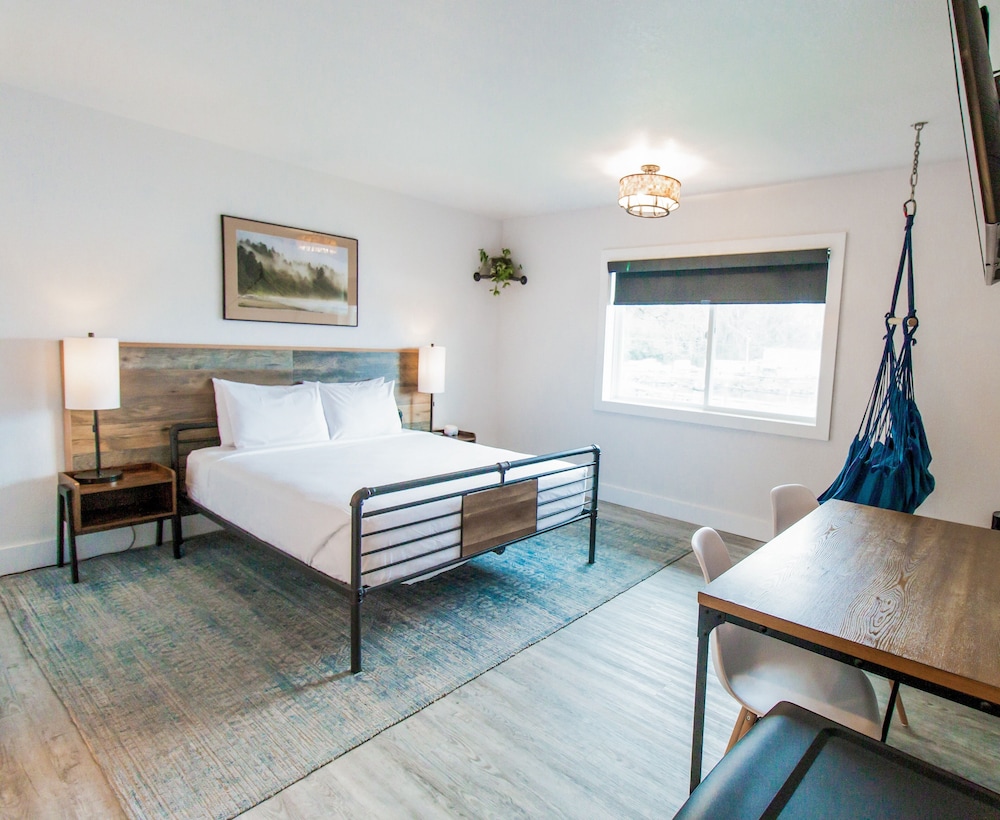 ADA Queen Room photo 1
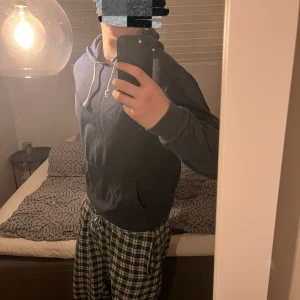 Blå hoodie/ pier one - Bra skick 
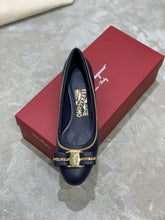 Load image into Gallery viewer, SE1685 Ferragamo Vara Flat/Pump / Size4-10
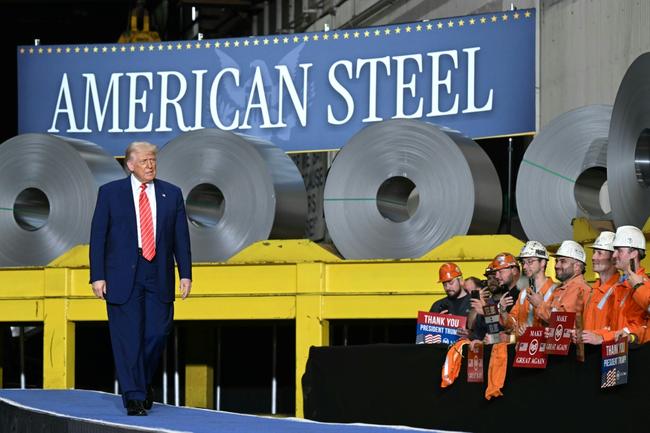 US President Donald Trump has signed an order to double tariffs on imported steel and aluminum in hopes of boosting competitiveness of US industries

---

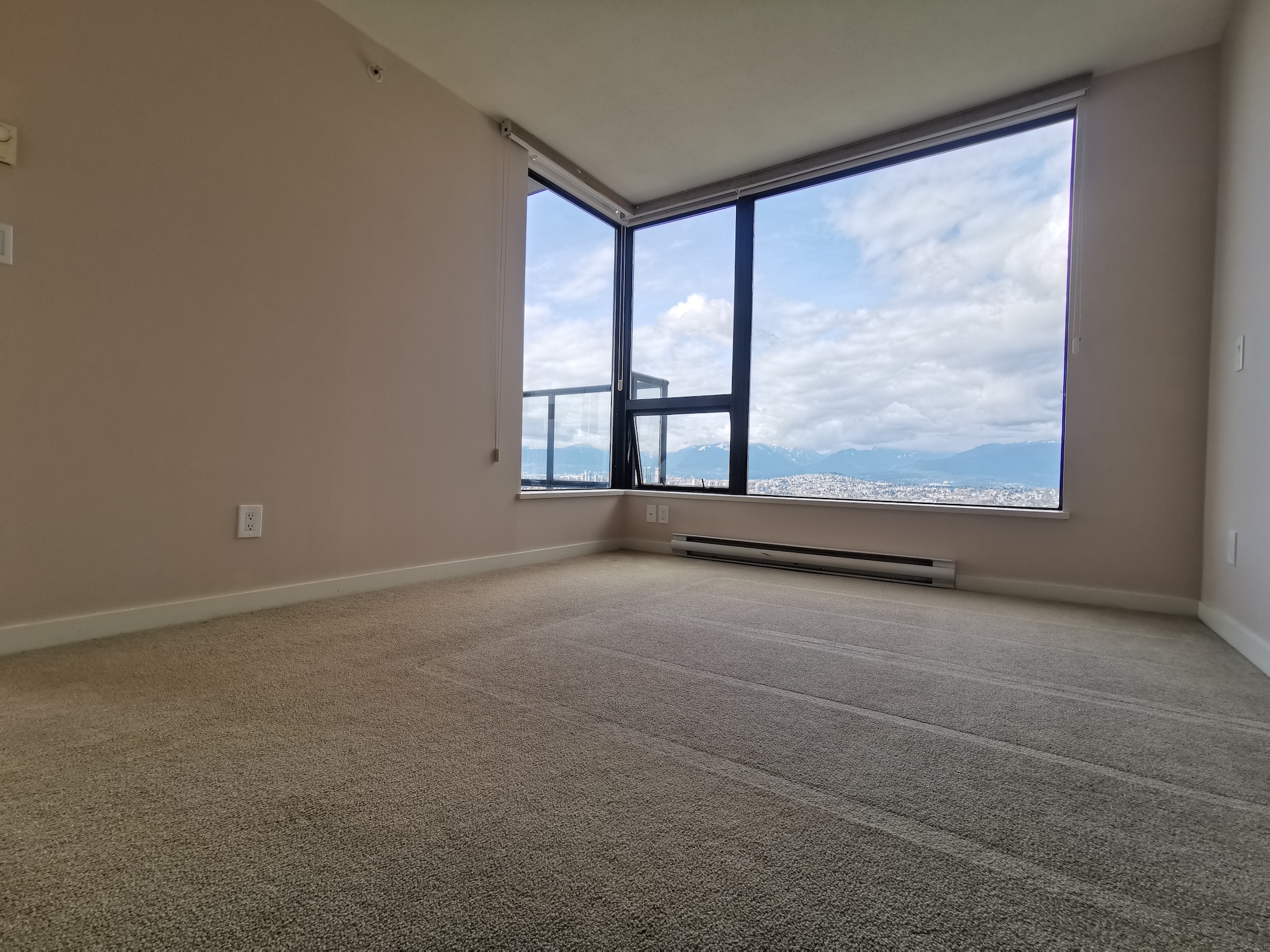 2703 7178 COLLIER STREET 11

◆ **PROMPT**: Only one stretch of the material above is wanted: the line containing "Blå hoodie/ pier one - Bra skick" through the line containing "US President Donald". Restate it word for word, minus the pictures.

◆ **EXERCISE RESULT**:
 Blå hoodie/ pier one - Bra skick 
 Load image into Gallery viewer, SE1685 Ferragamo Vara Flat/Pump / Size4-10
 US President Donald Trump has signed an order to double tariffs on imported steel and aluminum in hopes of boosting competitiveness of US industries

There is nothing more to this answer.